Congratulations, You're Postmodern

About two years ago I was at one of Savannah’s softball games. At the time she was a freshman at a very conservative private Christian school in Columbus, OH, nestled affectionately in the lap of a very large Nazarene church. As a freshman she didn’t play much – except to pinch run from time to time – so, as I often did, I brought a book. On this particular day it was James K.A. Smith’s, Who’s Afraid of Post-Modernism?

At one point Savannah skipped over from the dugout and sat next to me for a few minutes so we could make fun of the other team. After a pause she snatched my book and looked over the cover.

Wrinkling her brow, she said, “What’s Postmodernism?”

“It’s a loose school of philosophy reacting against the underpinnings of the Enlightenment,” I deadpanned.

“What’s ‘underpinnings?’”

“Basic principles.”

“Ooh, Ooh,” she popped with sudden excitement, “I know what the Enlightenment is!”

“Oh?” I said, raising an eyebrow expectantly.

savannah“It’s that period in history when science said we couldn’t trust Jesus ‘n stuff.”

“Riiiiiight,” I trailed off, seemingly unsure, “Reason against faith and all that, huh?”

“Yup,” she quipped confidently. Then, after a short pause, “So, am I Postmodern?”

I examined her for a second and said, “Well, how do you know what’s true?”

“Ugh,” she grunted wearily, “I don’t know.”

“Well then, you’re Postmodern.”

“Yessss!!” she erupted, skipping happily back to the dugout.

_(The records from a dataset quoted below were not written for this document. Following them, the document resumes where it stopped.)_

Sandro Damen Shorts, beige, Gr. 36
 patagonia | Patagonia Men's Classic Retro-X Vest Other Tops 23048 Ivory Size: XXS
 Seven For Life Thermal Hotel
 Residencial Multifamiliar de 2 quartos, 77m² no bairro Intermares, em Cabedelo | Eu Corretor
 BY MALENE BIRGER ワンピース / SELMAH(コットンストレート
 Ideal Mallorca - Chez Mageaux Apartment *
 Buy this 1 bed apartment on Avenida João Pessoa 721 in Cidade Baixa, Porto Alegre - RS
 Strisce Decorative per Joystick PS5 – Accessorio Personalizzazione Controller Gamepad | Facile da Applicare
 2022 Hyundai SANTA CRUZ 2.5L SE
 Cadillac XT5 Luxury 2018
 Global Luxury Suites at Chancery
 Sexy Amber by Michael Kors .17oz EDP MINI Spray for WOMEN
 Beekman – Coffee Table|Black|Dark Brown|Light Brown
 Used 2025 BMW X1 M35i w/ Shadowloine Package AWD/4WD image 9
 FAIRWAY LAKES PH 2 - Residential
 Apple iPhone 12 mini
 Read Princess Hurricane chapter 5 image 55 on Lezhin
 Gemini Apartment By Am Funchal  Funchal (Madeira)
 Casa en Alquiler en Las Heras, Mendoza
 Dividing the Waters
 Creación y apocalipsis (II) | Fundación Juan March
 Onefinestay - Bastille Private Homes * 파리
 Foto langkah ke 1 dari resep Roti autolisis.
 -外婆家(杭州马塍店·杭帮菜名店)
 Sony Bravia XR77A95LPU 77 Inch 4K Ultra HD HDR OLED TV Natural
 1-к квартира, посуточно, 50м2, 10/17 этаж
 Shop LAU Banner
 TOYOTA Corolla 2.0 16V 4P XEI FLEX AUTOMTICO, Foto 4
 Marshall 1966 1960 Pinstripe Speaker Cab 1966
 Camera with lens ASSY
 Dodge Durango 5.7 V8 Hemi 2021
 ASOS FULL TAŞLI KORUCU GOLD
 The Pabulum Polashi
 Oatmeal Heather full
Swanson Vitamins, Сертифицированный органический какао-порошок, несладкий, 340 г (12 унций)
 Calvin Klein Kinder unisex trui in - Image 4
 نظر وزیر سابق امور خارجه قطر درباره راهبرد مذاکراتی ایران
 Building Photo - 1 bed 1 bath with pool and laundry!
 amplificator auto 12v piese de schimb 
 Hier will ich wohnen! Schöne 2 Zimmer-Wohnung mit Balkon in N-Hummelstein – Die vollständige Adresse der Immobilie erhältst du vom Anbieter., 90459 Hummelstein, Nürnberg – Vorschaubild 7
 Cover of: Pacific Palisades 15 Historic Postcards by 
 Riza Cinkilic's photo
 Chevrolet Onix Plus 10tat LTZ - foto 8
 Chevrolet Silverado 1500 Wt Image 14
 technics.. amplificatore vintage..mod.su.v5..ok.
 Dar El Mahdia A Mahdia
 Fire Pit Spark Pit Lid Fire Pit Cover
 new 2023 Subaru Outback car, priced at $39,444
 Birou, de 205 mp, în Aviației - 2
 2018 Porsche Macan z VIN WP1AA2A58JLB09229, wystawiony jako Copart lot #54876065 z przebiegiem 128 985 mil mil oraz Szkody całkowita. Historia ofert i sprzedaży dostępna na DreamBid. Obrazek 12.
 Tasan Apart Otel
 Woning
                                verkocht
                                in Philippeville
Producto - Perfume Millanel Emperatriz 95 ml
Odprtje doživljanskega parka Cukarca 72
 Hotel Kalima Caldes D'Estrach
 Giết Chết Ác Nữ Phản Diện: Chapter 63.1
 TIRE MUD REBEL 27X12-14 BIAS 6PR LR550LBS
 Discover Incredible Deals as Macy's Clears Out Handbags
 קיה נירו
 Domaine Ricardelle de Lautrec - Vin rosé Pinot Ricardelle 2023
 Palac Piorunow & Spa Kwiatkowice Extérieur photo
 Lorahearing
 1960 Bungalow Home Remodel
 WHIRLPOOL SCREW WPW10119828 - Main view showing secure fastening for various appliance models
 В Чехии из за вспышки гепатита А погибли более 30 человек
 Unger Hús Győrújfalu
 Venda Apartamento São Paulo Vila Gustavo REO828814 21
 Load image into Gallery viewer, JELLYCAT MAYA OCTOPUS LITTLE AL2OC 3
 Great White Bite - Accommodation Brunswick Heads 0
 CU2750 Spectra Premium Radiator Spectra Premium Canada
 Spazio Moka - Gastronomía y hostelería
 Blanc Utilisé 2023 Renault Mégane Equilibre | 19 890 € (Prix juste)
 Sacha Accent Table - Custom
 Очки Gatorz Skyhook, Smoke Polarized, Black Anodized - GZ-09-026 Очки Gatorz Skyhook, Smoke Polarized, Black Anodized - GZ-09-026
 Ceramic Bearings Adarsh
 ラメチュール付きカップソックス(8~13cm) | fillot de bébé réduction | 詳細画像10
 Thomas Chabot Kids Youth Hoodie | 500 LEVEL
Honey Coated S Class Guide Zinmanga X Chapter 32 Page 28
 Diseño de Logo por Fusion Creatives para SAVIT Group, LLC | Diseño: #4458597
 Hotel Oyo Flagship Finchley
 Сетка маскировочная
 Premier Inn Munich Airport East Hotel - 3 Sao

I laughed out loud and went back to my book.

Forty-five minutes later as the game was wrapping up one of Savannah’s teammates scrambled over to me from amid the chaotic melee of kids and parents, calling out, “Mr Coker! Mr. Coker! Am I Postmodern?

I blinked at her questioningly.

“I want to be Postmodern too! Savannah said to have you ask me a question.”

It occurred to me this could get out of control, so I froze for a long moment trying to figure how to let her down politely. Then I gave up: “Okay, how do you know what’s true?”

Horror crept over her face as she realized she didn’t have the slightest clue. Instantly downcast, she said, “Oh, um, I don’t know.”

“Congratulations, you’re Postmodern.”

“Yes!” She ran off, pumping her fist in the air, “Savannah! I’m Postmodern too!”